Раневская любима: «Каждый день получаю телеграммы — просит прощения, умоляет вернуться», — а раз любима, значит, прекрасна, значит, все можно. Она вся — непоследовательность, каприз, женственность, и сама в эти мгновения не знает, куда это ее заведет.

Телеграмма в ее руках, которую она ласкает своим сердцем, глазами, руками. Телеграмма — часть любимого, она физически любима.

Эта сцена очень опасная и прекрасная, здесь нельзя быть только матерью, только дворянкой. Здесь подходит предел, но к этому пределу надо только подступить, но не переступить.

Я — Раневская — прошу прощенья за обидные слова: «Вы недотепа, смешной чудак, урод», — взгляд полон ласки, открытости и нежности: «Ну, я прощенья у вас прошу, ну, Петя, чистая душа, пойдемте танцевать». Разгоряченная разговором о любви, танцую с Петей близко, а потом вдруг все улетучивается, в душе лишь усталость и опустошение, и я говорю просто: «Мерси, устала, посижу».

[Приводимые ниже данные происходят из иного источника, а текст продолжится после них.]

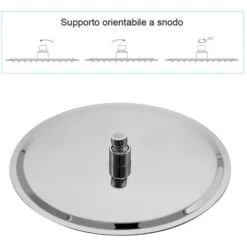 Set Doccia Cromato Con Braccio Tondo 40 Cm + Soffione Tondo 30 Cm -Stile Bagno 32028368 5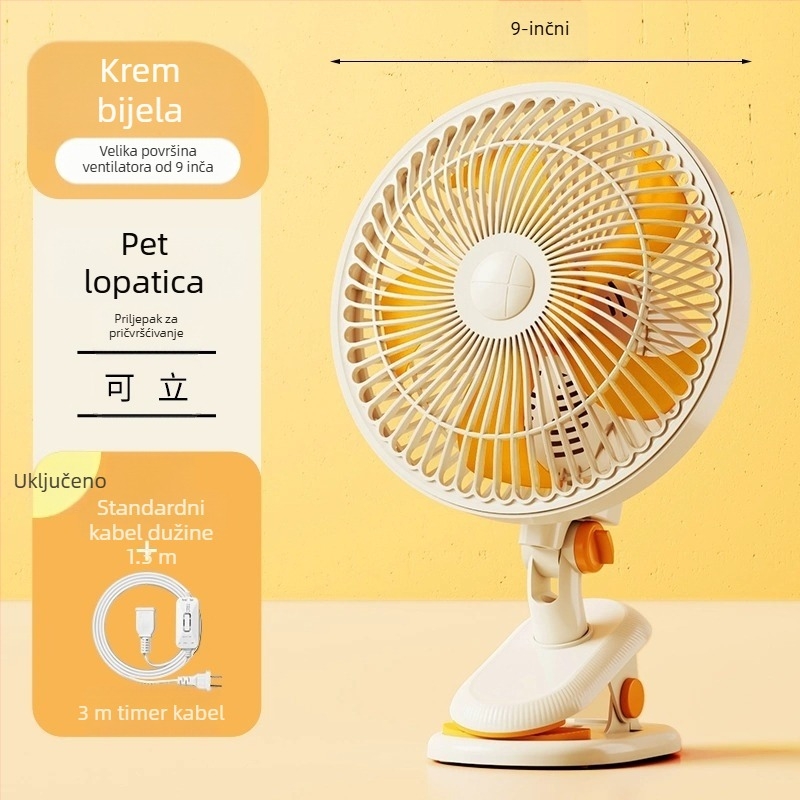 Mini klipsi/stolni ventilator s mogućnošću pričvršćivanja na zid, 5 lopatica, AC motor, 2 brzine, napajanje iz mreže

Наконец долгожданное появление Лопахина. Мой вопрос: «Продан вишневый сад?» И когда поняла, что именно он купил, спрашиваю, сразу состарившись: «Кто купил?» — «Я купил», — стыдясь своего счастья, ответил Лопахин.

Лопахин в нашем спектакле — русский мужик, талантливый, с душой, понимающей красоту, с добрым сердцем.

Было время, когда Раневская коснулась его нежностью, добротой, деликатностью и внешним очарованием, и было это в том возрасте, когда все воспринимается очень остро. И эти дорогие его сердцу ощущения он разрушает, купив вишневый сад. Покупка сада — это убийство своей души, и Лопахин плачет.

Свой монолог он произносит с истинным трагедийным размахом: «Музыка, играй! За все могу платить!» — и звучит в этом крике не радость, а отчаяние.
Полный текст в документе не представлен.